## Exercise aim
When you reach the line containing "Teczka konferencyjna A4", repeat that line and each one after it exactly until the records end, leaving out pictures.
════
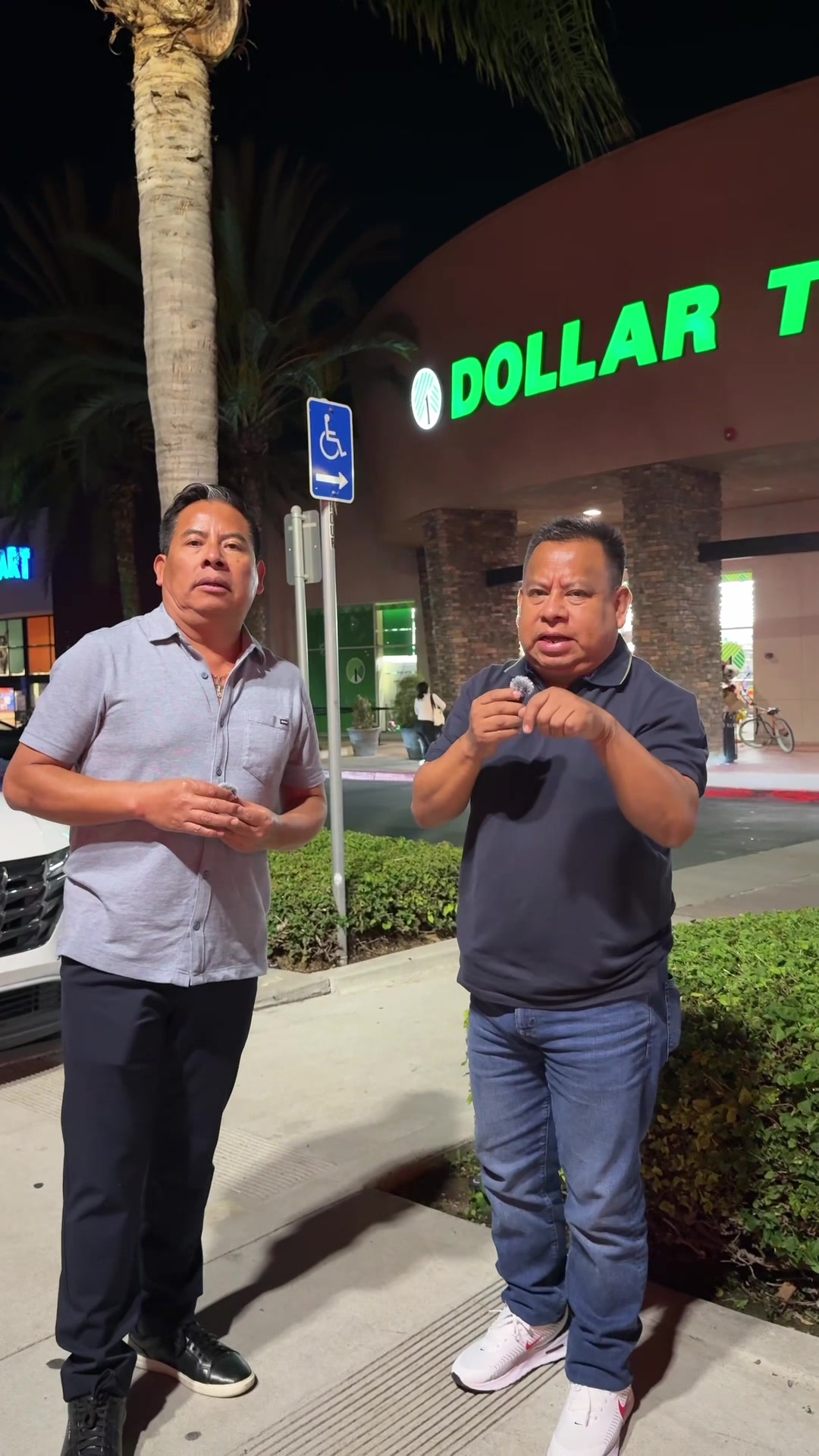 @Veloz de la Sierra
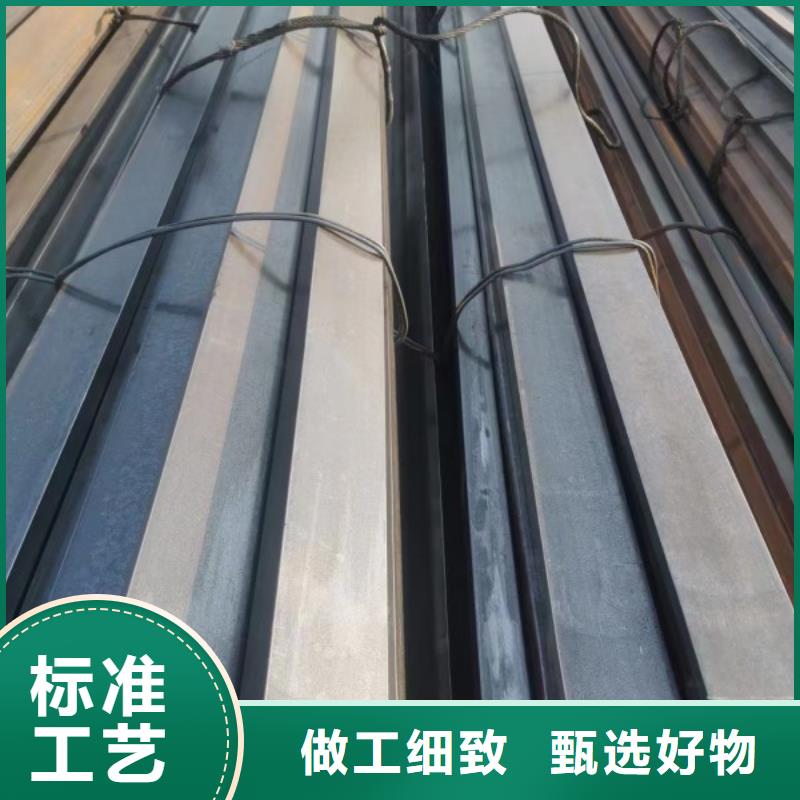四方钢9*9,冷拉方钢生产
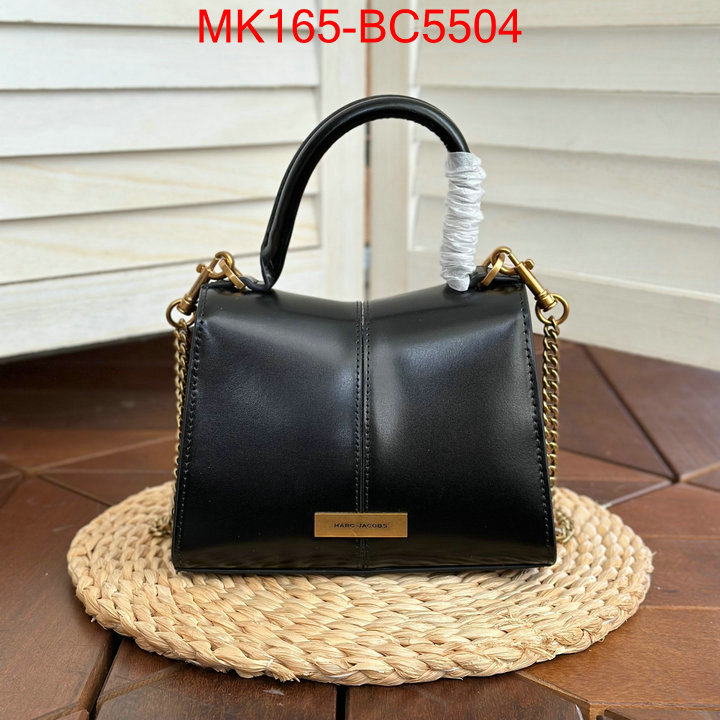 ID: BC5504 $: 165USD,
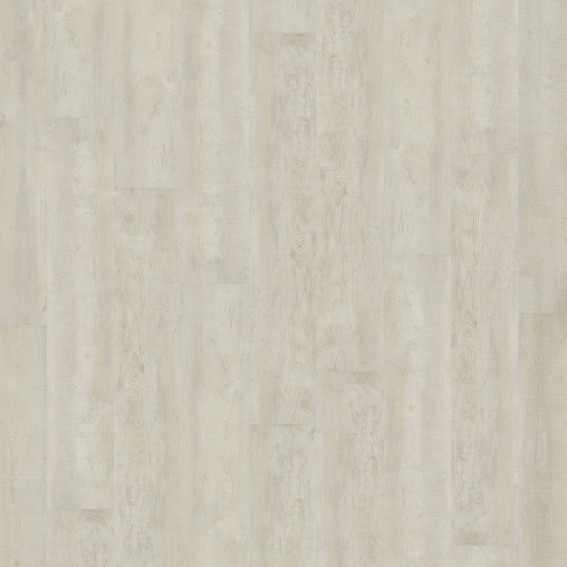 Klebevinyl hochwertig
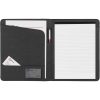 Teczka konferencyjna A4 z notatnikiem P007477X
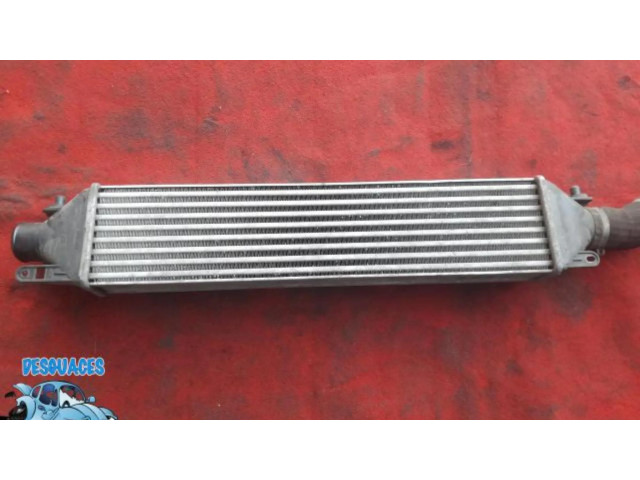 Интеркулер  878060010, INTERCOOLER   Fiat Bravo 1.9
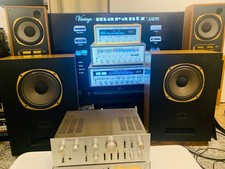 Enceintes Tannoy ARDEN MK2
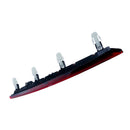 Third Brake Light Additional Brake Light 8P4945097C For Audi A3 8P S3 2004-2012-11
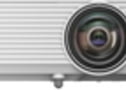 Product image of DX335-ST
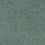 Velluto Porto Designers Guild Duck egg FDG2899/09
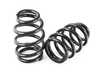 ES#2857405 - CVW053-AR - Ksport Rally Spec AR Coilover System  - (NO LONGER AVAILABLE) - Rally racing? No problem. Asphalt rally inspired coilovers, designed for abuse. - Ksport -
════
## Task output
 Teczka konferencyjna A4 z notatnikiem P007477X
 Интеркулер  878060010, INTERCOOLER   Fiat Bravo 1.9
 Enceintes Tannoy ARDEN MK2
 Third Brake Light Additional Brake Light 8P4945097C For Audi A3 8P S3 2004-2012-11
 Product image of DX335-ST
 Velluto Porto Designers Guild Duck egg FDG2899/09
 ES#2857405 - CVW053-AR - Ksport Rally Spec AR Coilover System  - (NO LONGER AVAILABLE) - Rally racing? No problem. Asphalt rally inspired coilovers, designed for abuse. - Ksport -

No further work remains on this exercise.